WHAT TO WORK ON
With the pictures left aside, write out exactly the lines of the listing below from the line with "Viladepot Smart Lock" to the line with "Handcrafted 4 Inch", both included, and only those.

EXCERPTED RECORDS
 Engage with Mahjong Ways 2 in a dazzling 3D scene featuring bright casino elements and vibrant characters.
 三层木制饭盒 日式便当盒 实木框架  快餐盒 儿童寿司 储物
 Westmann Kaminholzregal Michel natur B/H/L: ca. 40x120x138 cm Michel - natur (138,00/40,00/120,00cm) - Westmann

* * *

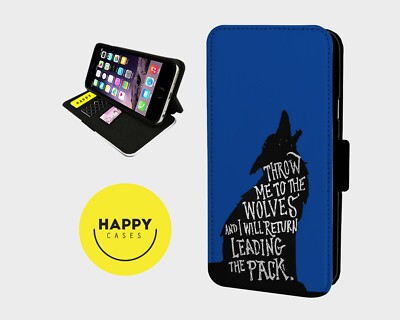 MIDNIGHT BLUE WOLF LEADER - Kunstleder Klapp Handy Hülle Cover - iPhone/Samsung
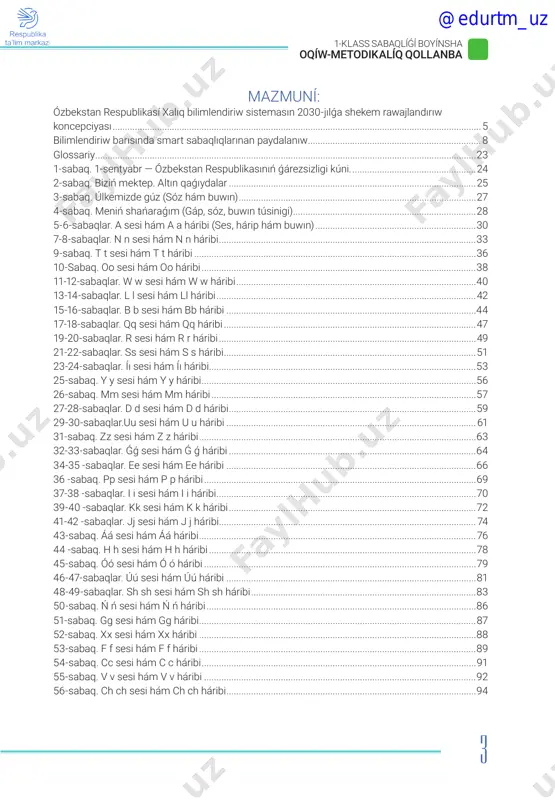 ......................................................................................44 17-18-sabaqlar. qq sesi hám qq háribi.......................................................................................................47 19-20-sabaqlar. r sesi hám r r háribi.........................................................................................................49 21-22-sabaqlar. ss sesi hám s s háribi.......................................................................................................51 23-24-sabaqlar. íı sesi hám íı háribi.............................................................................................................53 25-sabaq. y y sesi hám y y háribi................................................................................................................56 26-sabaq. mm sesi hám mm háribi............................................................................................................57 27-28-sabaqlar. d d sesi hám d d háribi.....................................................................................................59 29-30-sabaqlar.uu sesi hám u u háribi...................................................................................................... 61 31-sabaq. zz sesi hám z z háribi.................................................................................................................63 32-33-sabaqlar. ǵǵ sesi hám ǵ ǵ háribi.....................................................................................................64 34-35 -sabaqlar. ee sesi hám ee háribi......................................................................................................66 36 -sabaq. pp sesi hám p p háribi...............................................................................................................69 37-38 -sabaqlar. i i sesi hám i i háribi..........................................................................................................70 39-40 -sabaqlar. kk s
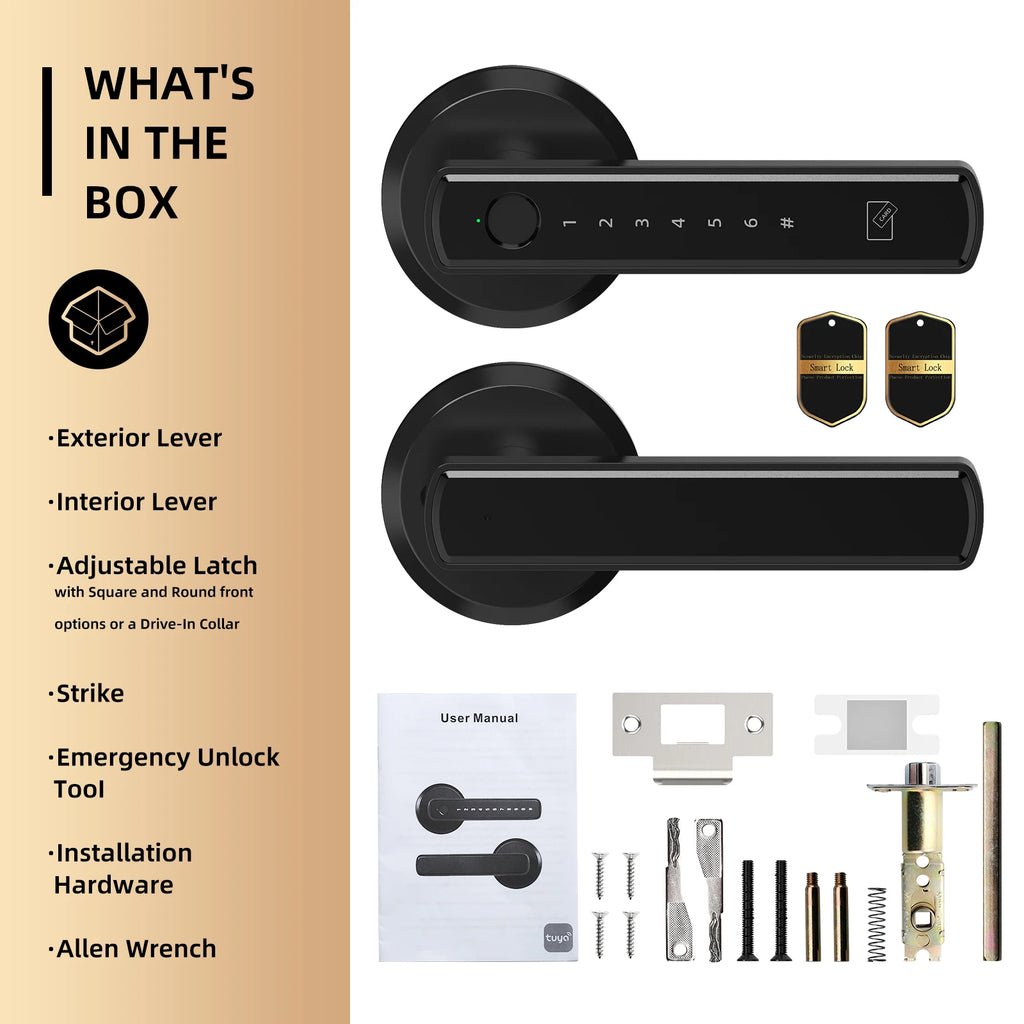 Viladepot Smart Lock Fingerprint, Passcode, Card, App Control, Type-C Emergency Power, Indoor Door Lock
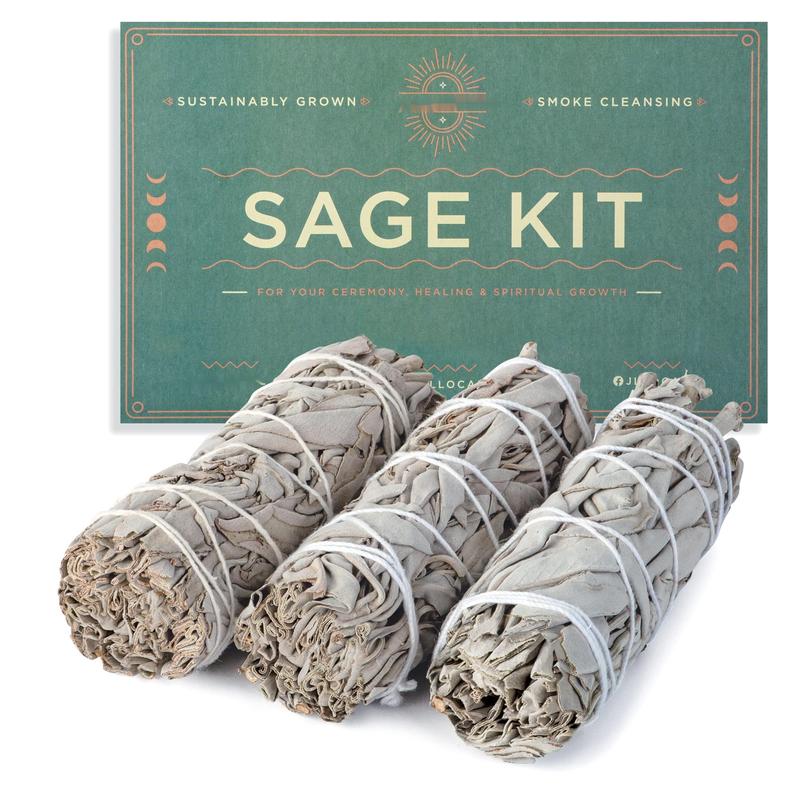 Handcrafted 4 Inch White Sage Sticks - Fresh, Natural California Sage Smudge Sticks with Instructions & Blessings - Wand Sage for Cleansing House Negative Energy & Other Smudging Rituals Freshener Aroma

SOLUTION TO THE EXERCISE
 Viladepot Smart Lock Fingerprint, Passcode, Card, App Control, Type-C Emergency Power, Indoor Door Lock
 Handcrafted 4 Inch White Sage Sticks - Fresh, Natural California Sage Smudge Sticks with Instructions & Blessings - Wand Sage for Cleansing House Negative Energy & Other Smudging Rituals Freshener Aroma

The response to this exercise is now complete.